Wellbeing kann man nicht übers Knie brechen
Ähnlich wie bei den oben bereits genannten Fokusthemen Nachhaltigkeit und Diversität ist auch Wellbeing ein Ziel, das KEINE Deadline haben sollte. Vielmehr sollte es ein fester Bestandteil der Unternehmenskultur werden und dem Bestreben nach ständiger Verbesserung unterliegen.
Also Obacht vor Angeboten, die zu schnelle Erfolge versprechen und mit KPIs (Key Performance Indicator) nur so um sich schmeißen. Bei Kennzahlen zu Fluktuation, Krankheitstagen und Produktivität sind eine Vielzahl von Faktoren ausschlaggebend, diese kann und sollte man nicht auf eine einzelne oder mehrere Wellbeing Maßnahmen reduzieren.

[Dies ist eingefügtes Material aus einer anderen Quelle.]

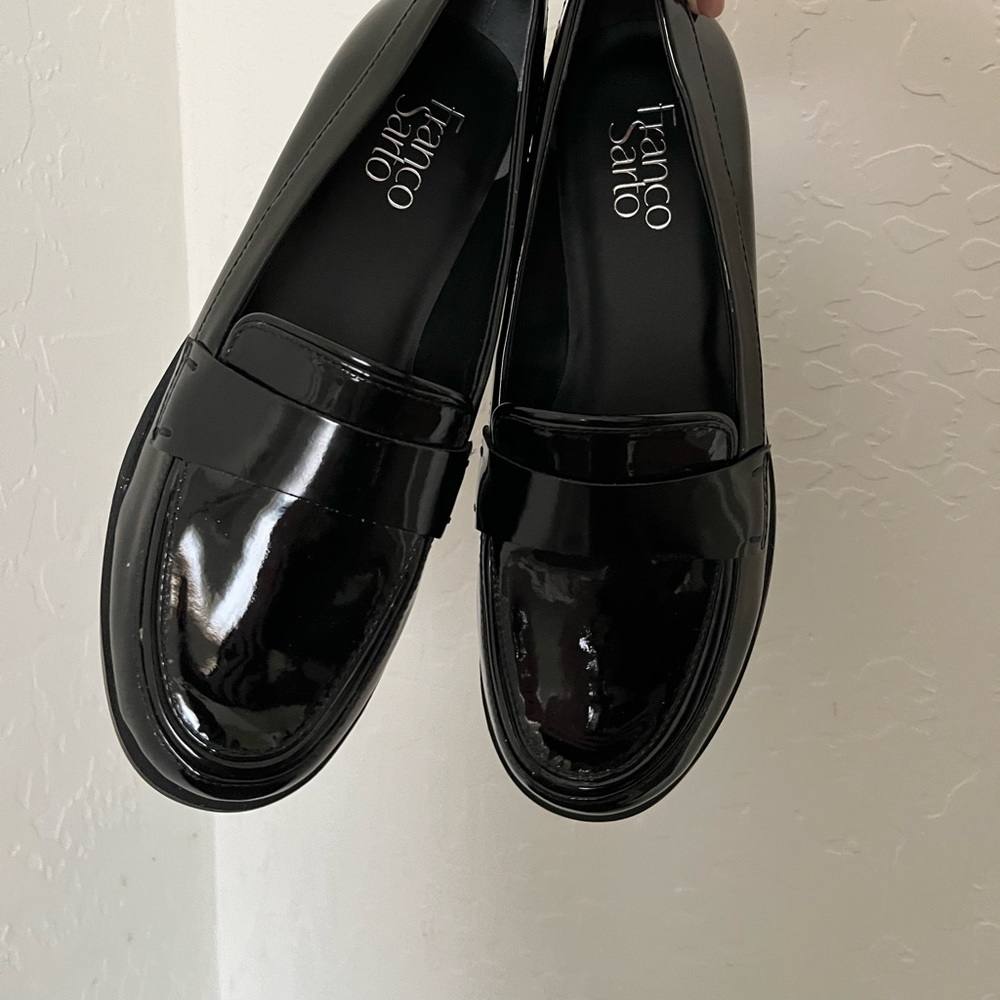 Franco Sarto Valera Patent Black Loafers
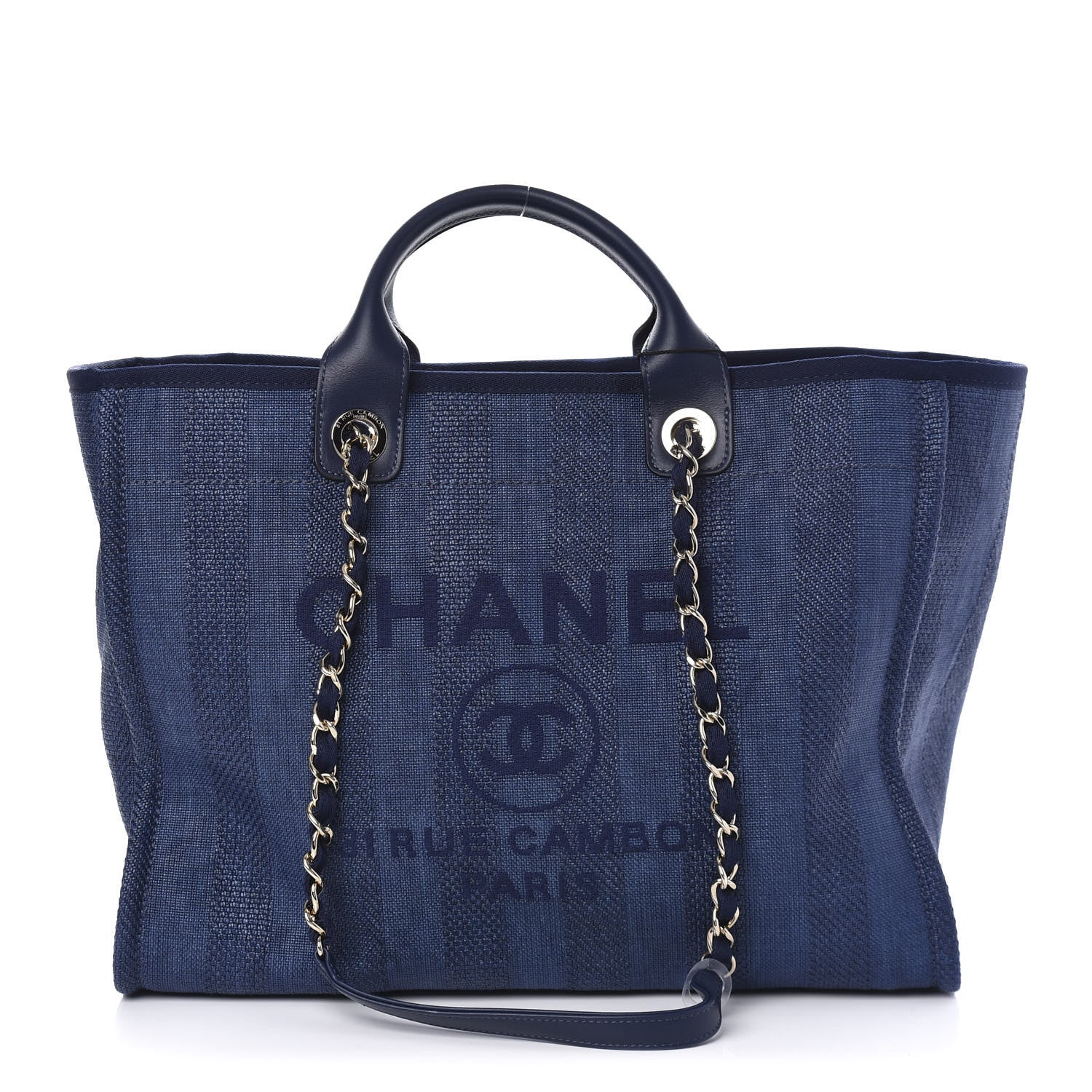 Chanel Mixed Fibers Striped Medium Deauville Tote Navy Blue 1 of 10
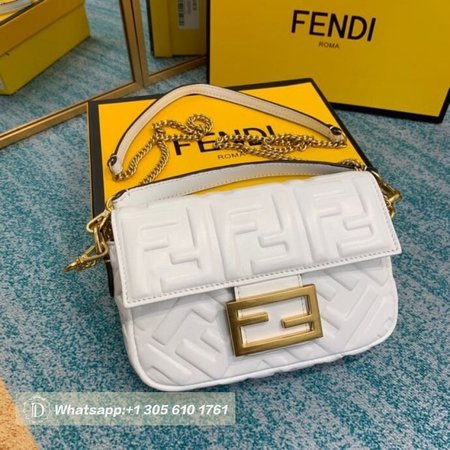 Fendi Baguette Mini White Leather Bag 8BS017A72VF15AO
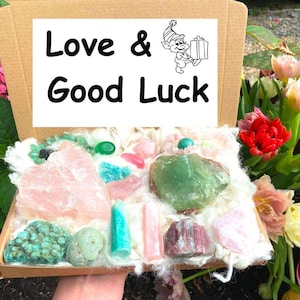 Self love crystal box box set spiritual gift crystals set self care kit gem stone gift Postive energy letterbox set healer stone pack Elf uk Love and Good luck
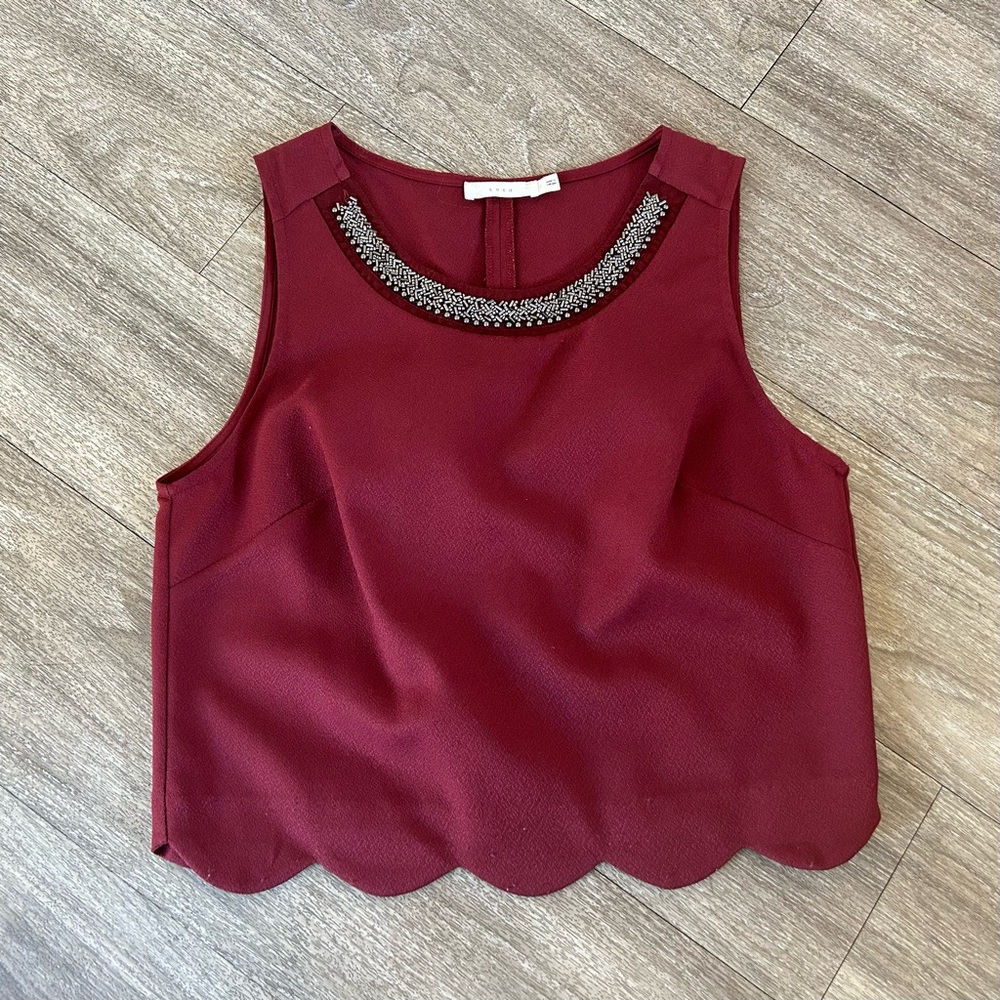 Lush Embellished Oxblood Burgundy Scalloped Top Small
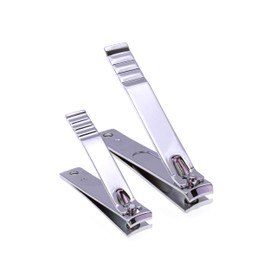 Giovanni Bresciani Stainless Steel Nail Clipper Set, Large Toenail Clippers and Small Fingernail Clippers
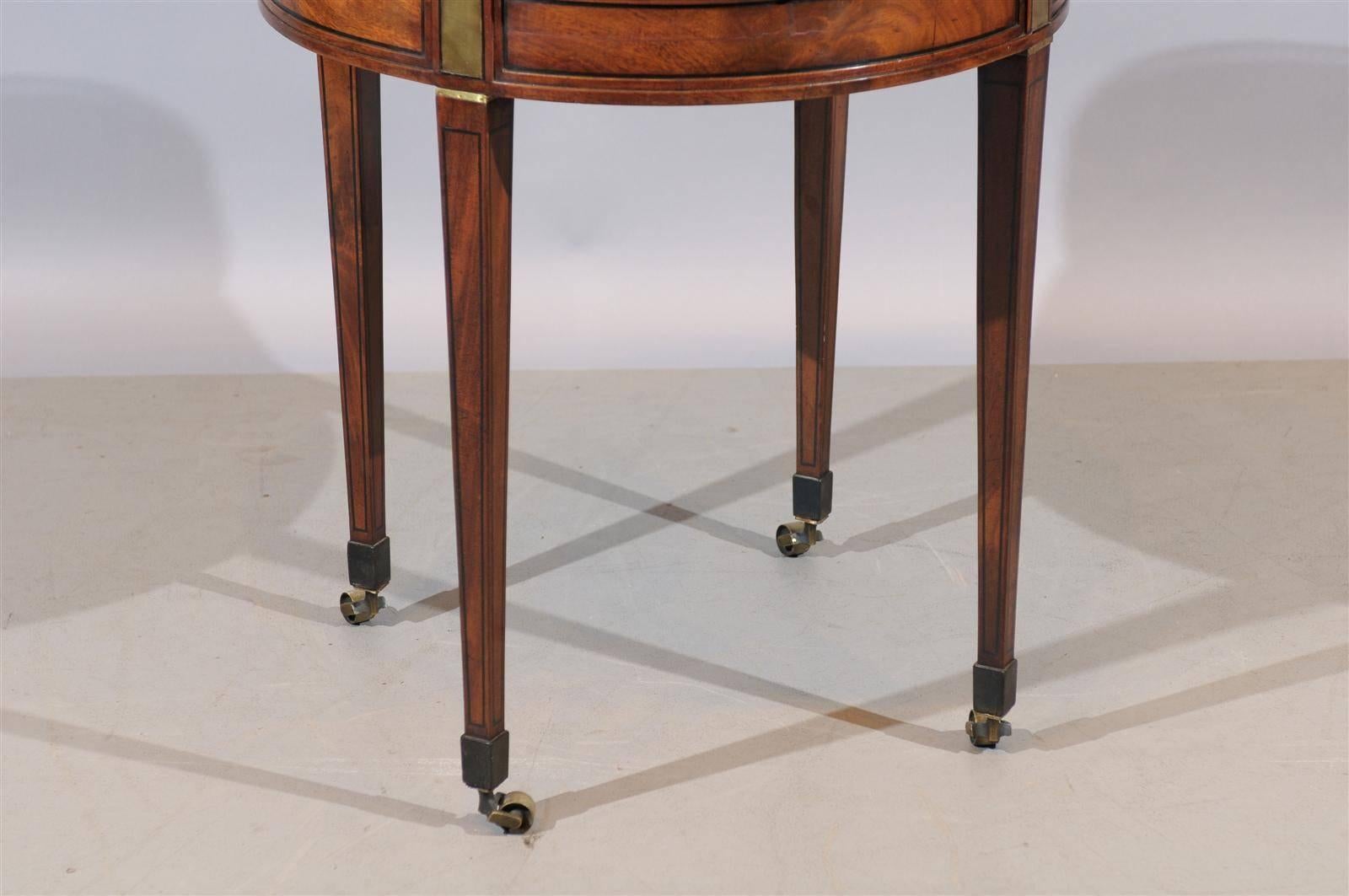 Louis XVI Style Walnut Bouillotte Table with Marble and Brass Gallery 1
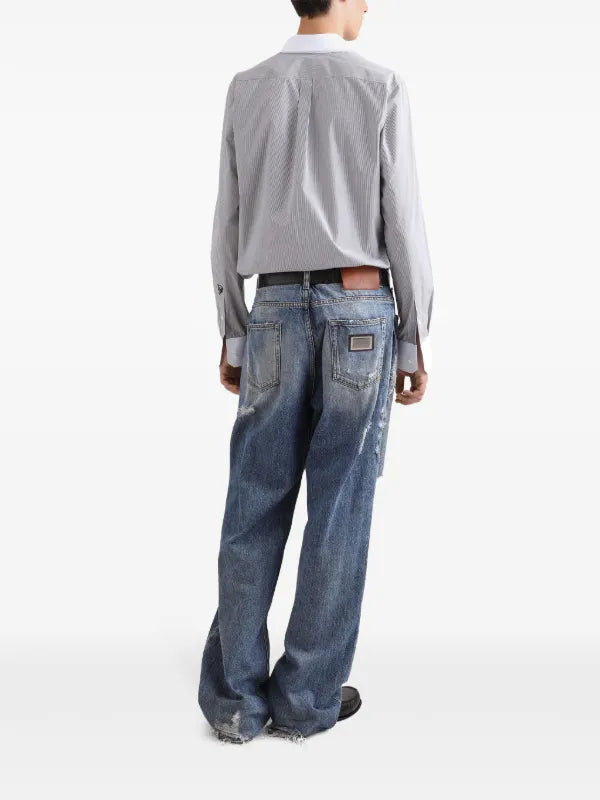 D&G Wide-Leg Blue Jeans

Unsere Erfahrung hat gezeigt, dass bei den meisten Unternehmen eine Kombination aus gewichtigem Impuls und regelmäßigem Alltagstransfer am besten funktioniert. Ein solcher Impuls kann beispielsweise eine Keynote, eine Workshop Serie oder ein Event sein. Ein regelmäßiges Angebot sollte idealerweise mindestens wöchentlich stattfinden und möglichst viele Mitarbeitende erreichen. Das regelmäßige Angebot sollte zudem möglichst niedrigschwellig sein, so dass die Teilnehmenden einzelne Übungen bedarfsorientiert in ihren Alltag integrieren können. Wie kurz und simpel das sein kann zeigt Y2B Trainerin Jennifer Mustermann in diesem Video Nackenübung:
Erst nach einigen Jahren (!) konsequenter Praxis (alleine und in Teams) verändert sich wirklich das Mindset der Teilnehmenden. Die Angebote werden so zu einem festen Bestandteil der Unternehmenskultur und wirken sich dann auch nachweislich positiv auf die Mitarbeiterzufriedenheit und -loyalität aus.
DON’T fake it till you make it
Arbeitgebende und Mitarbeitende sollten sich gemeinsam auf eine Reise für mehr Wohlbefinden bei der Arbeit geben. Diese Reise sollte von Vertrauen und einer wachstumsorientierten Lernkultur geprägt sein. Wellbeing Angebote, die nur gut auf der Website oder in Stellenausschreibungen aussehen, werden Unternehmen nicht dabei helfen Herausforderungen wie Fachkräftemangel, innere Kündigungen und hohe Fehlzeiten in den Griff zu kriegen. Und Unternehmen, die sich auf Konferenzen und Social Media für vermeidlichen Wellbeing Fokus feiern, während die Mitarbeitenden darüber nur mit den Augen rollen können, werden hoffentlich bald feststellen, dass die erwünschte Transformation nicht an der Ausrichtung, sondern an der fehlenden Konsequenz in der Umsetzung scheitert.